Lunch – Italian StyleAugust 11, 2010
There are an abundance of restaurants in the Capital Region that focus on Italian cuisine, so how do you decide which ones to patronize? What constitutes “good” Italian food? It all boils down to doing the simple things well – utilizing classic Italian flavors in both traditional and new ways, but keeping the soul of Italian cooking intact. Milano Restaurant, located in Newton Plaza in Latham, accomplishes this very well, featuring delicious Northern Italian cuisine at a reasonable price.
Milano is illuminated by a lot of natural light from the large windows in front, and the dark wood ceiling and bright decorations create a somewhat casual atmosphere.

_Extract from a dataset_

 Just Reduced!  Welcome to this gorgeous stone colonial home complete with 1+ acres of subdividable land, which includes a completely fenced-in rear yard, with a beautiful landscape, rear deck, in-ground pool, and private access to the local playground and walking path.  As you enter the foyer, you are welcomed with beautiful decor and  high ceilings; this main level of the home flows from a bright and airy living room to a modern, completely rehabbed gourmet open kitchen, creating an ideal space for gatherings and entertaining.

An obvious test of a restaurant’s true Italian roots is its wine list. Italians have been drinking wine with their meals for centuries, and Milano offers no less than 160 bottles (including sparkling wines) to choose from, with over 25 available by the glass. With prices ranging from under $20 per bottle to the $240 Opus One, there’s a wine for everyone.
Milano’s lunch menu features salads, sandwiches, pizza and pasta, ranging from $10-$15.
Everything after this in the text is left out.